A criação com linguagens computacionais opera tecnicas que Lev Manovich chama de meta-ferramentas: simulação da página impressa, da máquina de escrever, da fotografia, do rádio, televisão… simulação de fresa, de retícula, de carvão, de afresco, aquarela etc. Identifica-se, em muitos períodos da história, uma recorrência de soluções visuais oriundas das estéticas resultantes de técnicas que lhes antecederam. Ou seja, em tese, o contexto cultural, técnico e estético operado define a cultura visual que se instaura porque é praticado.

Assim, podemos assumir que Pelotas possui, plasmada em seus rótulos de doce, uma cultura visual gráfica própria do seu histórico: "Do todo a parte, da coleção ao exemplar, da série ao modelo.”

Ao longo dos anos que sucederam a produção, houve um enorme desenvolvimento na área alimentícia que despertou a necessidade de determinar legislações que estabelecem critérios de qualidade, compreendendo todas as etapas de produção. Qual impacto a regulamentação do setor no âmbito da rotulagem tem sobre a linguagem gráfica na produção dos rótulos doceiros?

O impacto é apenas aos rótulos/etiquetas/materiais que estão em contato com o alimento. As informações regulamentativas para a confecção de um rótulo segue as recomendações da Agência Nacional de Vigilância Sanitária (ANVISA - https://www.gov.br/anvisa/pt-br/assuntos/alimentos/rotulagem/arquivos/4701json-file-1). O rótulos deixaram de apresentar apenas as marcas das empresas e identificação [visual] dos produtos. Atualmente, informações sobre os ingredientes, lote e prazo de validade, quantidade/peso, produtores e origem são alguns dos itens obrigatórios. A partir de 2015, a ANVISA passou a exigir a inclusão de informações destacadas para alimentos que contêm alergênicos. Essas regulamentações, ao alterarem o conteúdo necessário para apresentar o produto no rótulo (tudo que está gravado, seja descritivamente ou graficamente, sobre a embalagem), interferem no campo compositivo alterando o layout da peça e, assim, sua visualidade.

Qual a importância da identificação desses aspectos históricos de rotulagem no setor conserveiro, em relação as possibilidades projetuais a partir da utilização de métodos tradicionais em projetos contemporâneos?

A cultura visual é ferramenta para compreender os valores sociais. O desenvolvimento projetual de rótulos está diretamente relacionado à cultura visual, seja ela tradicional ou contemporânea, local e/ou global.

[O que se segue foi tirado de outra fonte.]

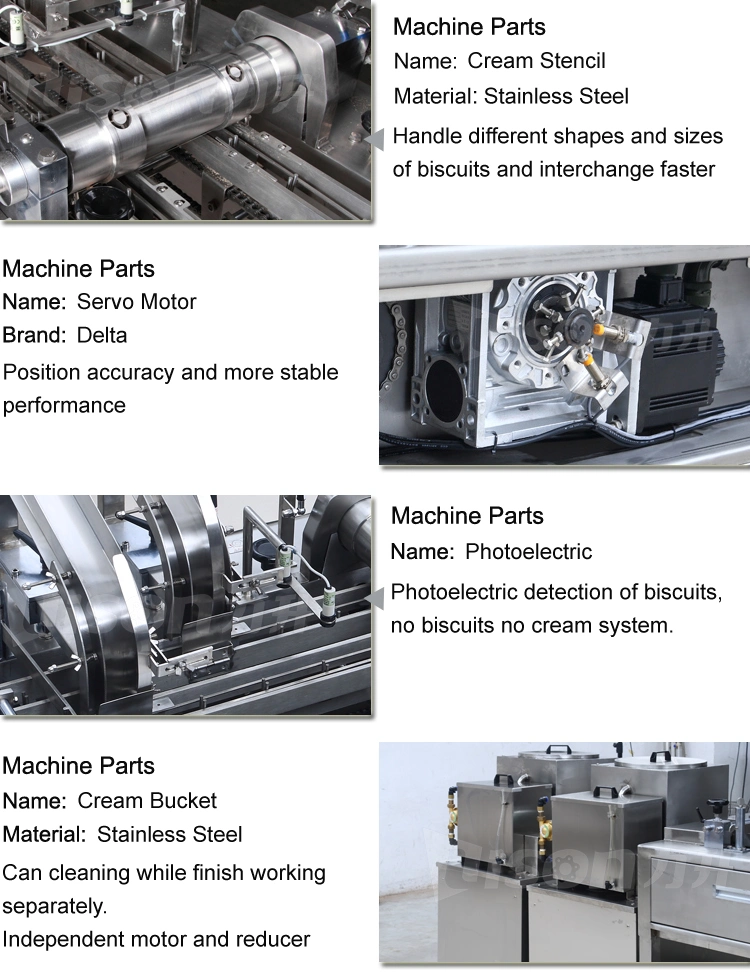 Ce Automatic Cream Biscuit Sandwiching Machine with Packaging Line Factory Price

Identificar os aspectos históricos da indústria de rotulagem de conservas [doces, principalmente] permite compreender minimamente a sociedade no seu passado e, assim, possibilita pensá-la no presente e impulsioná-la à um futuro, mais promissor, desenvolvido e sustentável a partir de soluções apropriadas ao seu contexto cultural - industrial - comercial.

 

 

João Fernando Igansi Nunes

Doutor em Comunicação e Semiótica, PUC/SP com a Tese Design Computacional: comunicação do in-visível, 2008. Membro do Grupo de Pesquisa NetArt perspectivas críticas e criativas (FAPESP) e do grupo de pesquisas Software Studies do Brasil (FILE Lab SP / UCSD - EuA), 2008. Pesquisador, bolsista CNPq, no Laboratoire Paragraphe da Universidade Paris 8, França, 2007. Mestre em Comunicação e Informação pela Universidade Federal do Rio Grande do Sul, 2002. Pesquisador na Biblioteca Nacional de Madri, através de bolsa de estudos da Universidade Complutense de Madri - Espanha, 1999. Graduado em Licenciatura em Artes Visuais pela Universidade Federal de Pelotas, 1997. Professor do Magistério Superior Associado. Docente permanente nos Cursos de Bacharelado em Design, Centro de Artes, UFPel e do Programa de Pós-Graduação em Memória Social e Patrimônio Cultural, ICH/UFPEL. Coordenador Adjunto do Projeto para implantação do Polo Morro Redondo da Cátedra UNESCO-IPT. Dedica-se ao desenvolvimento de pesquisas em Design e Desenvolvimento Territorial. Áreas de interesse e atuação em Comunicação, Semiótica, Artes, Design, Interfaces Computacionais, Memória Social e Patrimônio Cultural.